Particularly, the second week of the detox program is vegetarian only.

It is difficult for me to cook without tofu or consume soy milk, especially cooking Chinese without soy sauce!!!

I found it also extremely difficult to cook delicious vegetarian without tomatoes.

I remembered the first year I did detox.  It cost me every ounce of energy!

I had lots of cravings.

I felt weak the second vegetarian week – low energy, sleepy all the time.

Recalled calling up my Naturopath and she said “go have some chicken”.

Later on, I realized that I kept removing foods I could not have, but did not think of what I needed to add back in.

We generally do not eat much nuts or beans/legumes.

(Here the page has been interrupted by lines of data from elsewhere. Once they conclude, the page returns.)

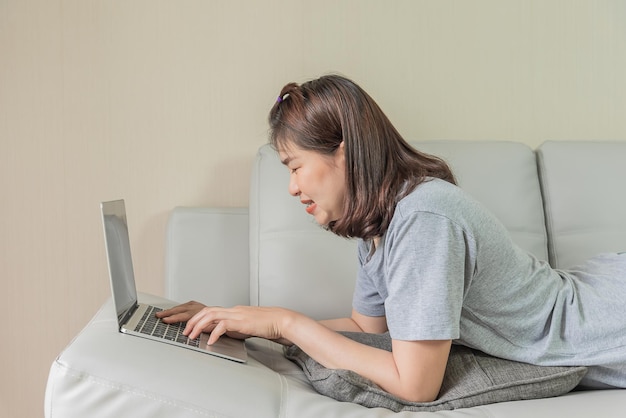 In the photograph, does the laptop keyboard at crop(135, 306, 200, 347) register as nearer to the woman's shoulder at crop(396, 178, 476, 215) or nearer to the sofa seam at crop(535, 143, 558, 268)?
the woman's shoulder at crop(396, 178, 476, 215)

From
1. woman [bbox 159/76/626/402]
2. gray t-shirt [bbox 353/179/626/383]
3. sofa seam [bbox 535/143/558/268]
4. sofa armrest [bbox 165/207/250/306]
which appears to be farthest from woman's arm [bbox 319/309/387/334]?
sofa seam [bbox 535/143/558/268]

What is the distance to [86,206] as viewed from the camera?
1797mm

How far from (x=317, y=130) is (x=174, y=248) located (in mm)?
763

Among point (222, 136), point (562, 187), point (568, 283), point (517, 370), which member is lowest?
point (517, 370)

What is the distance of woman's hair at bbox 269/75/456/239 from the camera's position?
3.58 feet

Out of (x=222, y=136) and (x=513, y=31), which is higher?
(x=513, y=31)

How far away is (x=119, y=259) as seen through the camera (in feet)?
3.88

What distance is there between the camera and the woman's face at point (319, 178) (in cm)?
111

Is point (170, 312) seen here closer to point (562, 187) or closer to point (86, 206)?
point (86, 206)

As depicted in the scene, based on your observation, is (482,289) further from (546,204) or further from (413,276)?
(546,204)

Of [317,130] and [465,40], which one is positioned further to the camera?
[465,40]

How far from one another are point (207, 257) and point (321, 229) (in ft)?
1.13

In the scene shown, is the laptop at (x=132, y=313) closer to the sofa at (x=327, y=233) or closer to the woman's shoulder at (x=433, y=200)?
the sofa at (x=327, y=233)

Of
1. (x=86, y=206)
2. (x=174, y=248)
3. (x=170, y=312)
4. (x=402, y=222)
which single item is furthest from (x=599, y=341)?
(x=86, y=206) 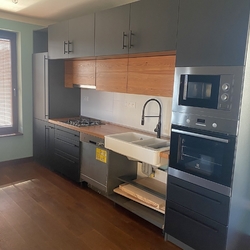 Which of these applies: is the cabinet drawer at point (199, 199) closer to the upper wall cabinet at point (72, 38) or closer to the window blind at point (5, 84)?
the upper wall cabinet at point (72, 38)

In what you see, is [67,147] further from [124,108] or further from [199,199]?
[199,199]

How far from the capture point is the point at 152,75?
2.72 meters

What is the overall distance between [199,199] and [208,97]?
83 centimetres

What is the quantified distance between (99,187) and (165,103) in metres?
1.33

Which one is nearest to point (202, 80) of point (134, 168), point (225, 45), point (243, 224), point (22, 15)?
point (225, 45)

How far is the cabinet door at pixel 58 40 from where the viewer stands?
3600mm

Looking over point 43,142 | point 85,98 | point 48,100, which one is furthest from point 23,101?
point 85,98

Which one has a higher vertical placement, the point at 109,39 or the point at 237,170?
the point at 109,39

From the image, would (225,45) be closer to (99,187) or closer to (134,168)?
(134,168)

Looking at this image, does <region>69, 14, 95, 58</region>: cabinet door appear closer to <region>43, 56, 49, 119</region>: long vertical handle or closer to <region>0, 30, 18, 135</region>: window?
<region>43, 56, 49, 119</region>: long vertical handle

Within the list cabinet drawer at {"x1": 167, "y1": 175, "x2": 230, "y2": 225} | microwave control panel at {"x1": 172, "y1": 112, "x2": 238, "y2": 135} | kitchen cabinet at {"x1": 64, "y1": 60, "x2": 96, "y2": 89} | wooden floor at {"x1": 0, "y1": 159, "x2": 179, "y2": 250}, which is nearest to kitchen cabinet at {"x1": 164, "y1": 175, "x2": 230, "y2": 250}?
cabinet drawer at {"x1": 167, "y1": 175, "x2": 230, "y2": 225}

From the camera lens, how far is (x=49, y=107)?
13.2 feet

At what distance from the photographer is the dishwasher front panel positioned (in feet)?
10.2

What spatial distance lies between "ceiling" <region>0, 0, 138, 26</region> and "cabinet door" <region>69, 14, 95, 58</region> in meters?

Those were the perfect foods to add back in. I got smarter during the second year of detox.

I never thought I would detox again.

It was so tough getting through the first year; kept thinking that I only needed to do this once in my life and “I can do it”!!

Boy, did I feel good after 3 weeks!

Great energy, felt lighter and cleaner. It literally felt that everything bad were flushed out of my system.

Cravings had gone down after detox, and it made me really aware of what I am putting in my body.

Sure enough, I went for the second, and now the third year.

Every year I got wiser with my cooking and managed not to starve myself during detox the last go-around.

I am looking forward to new recipes and experimenting in the coming 3 weeks!